Segment Open

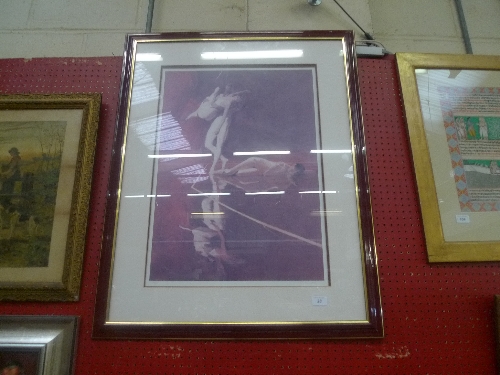 A Robert Hendell Limited Edition photogravure of ballet dancers signed in pencil lower right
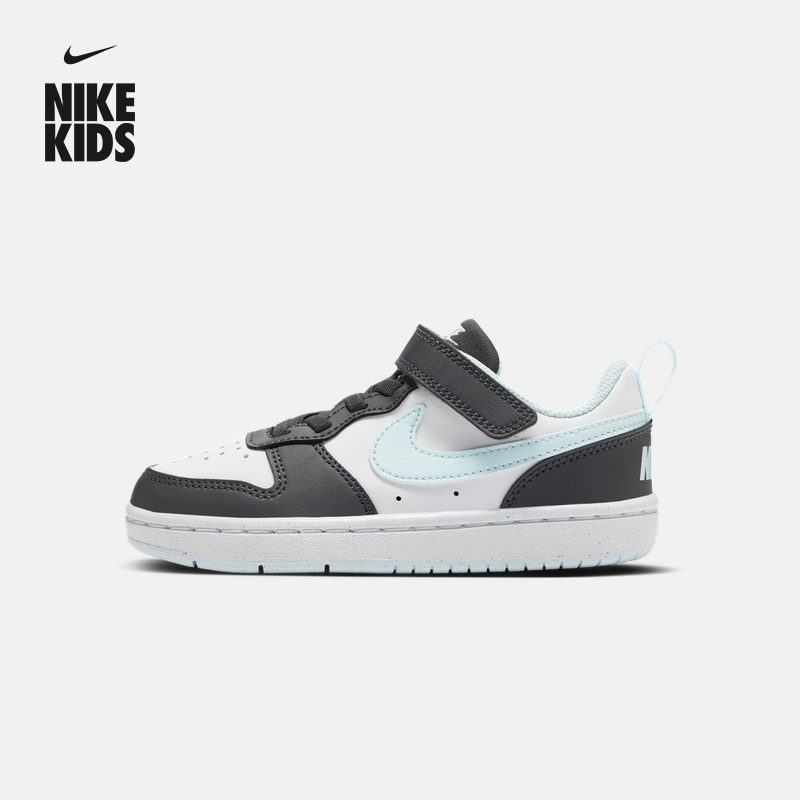 Nike耐克官方男女童COURT幼童运动鞋魔术贴冬新款板鞋低帮HQ3261主图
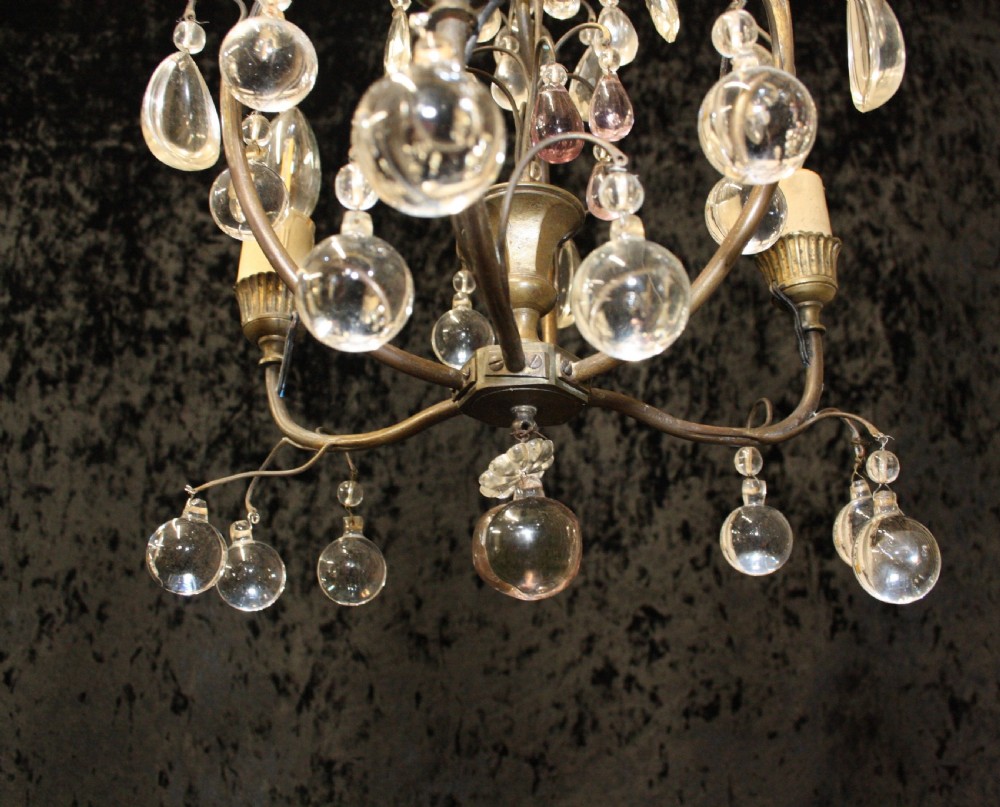 Circa 1880 French chandelier View VIII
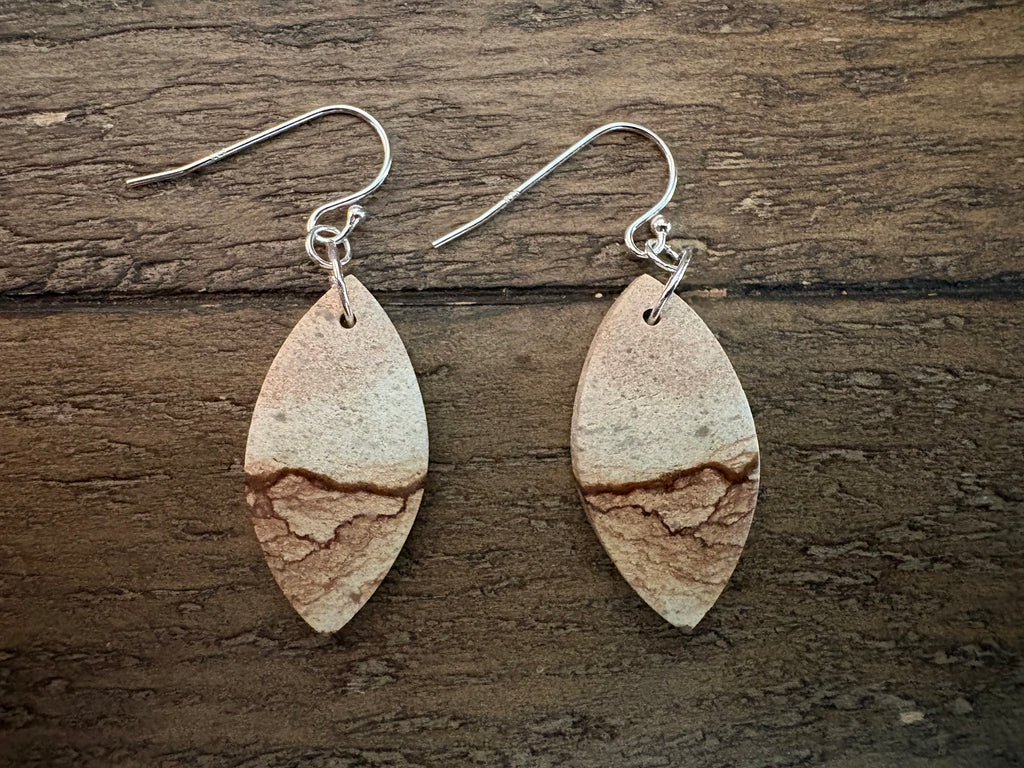 Picture Jasper Dangle Earrings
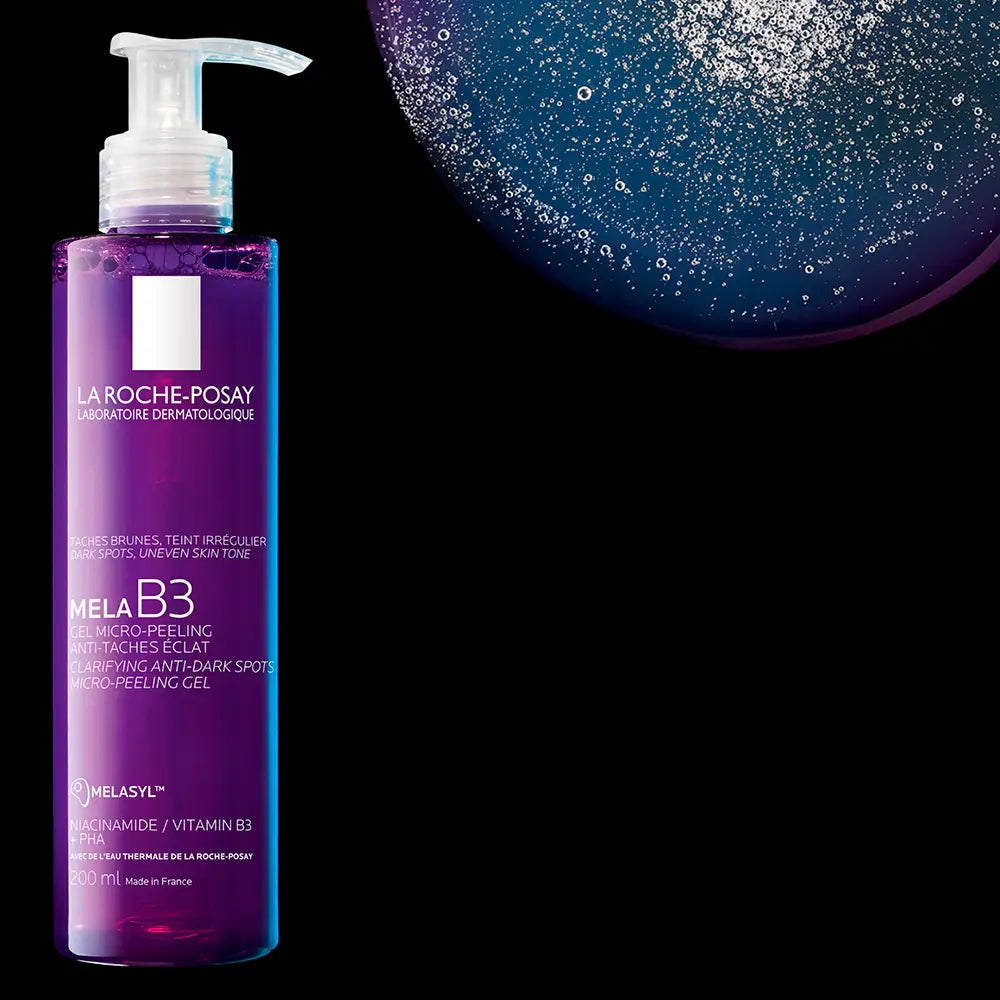 LA ROCHE POSAY-MELA B3 Gel Micropeeling Antimanchas Clarificante 200 ml-DrShampoo - Perfumaria e Cosmética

Segment Closed

▶ What you need to do
Pictures aside, reproduce all of the material above without alteration.

▶ Expected answer
 A Robert Hendell Limited Edition photogravure of ballet dancers signed in pencil lower right
 Nike耐克官方男女童COURT幼童运动鞋魔术贴冬新款板鞋低帮HQ3261主图
 Circa 1880 French chandelier View VIII
 Picture Jasper Dangle Earrings
 LA ROCHE POSAY-MELA B3 Gel Micropeeling Antimanchas Clarificante 200 ml-DrShampoo - Perfumaria e Cosmética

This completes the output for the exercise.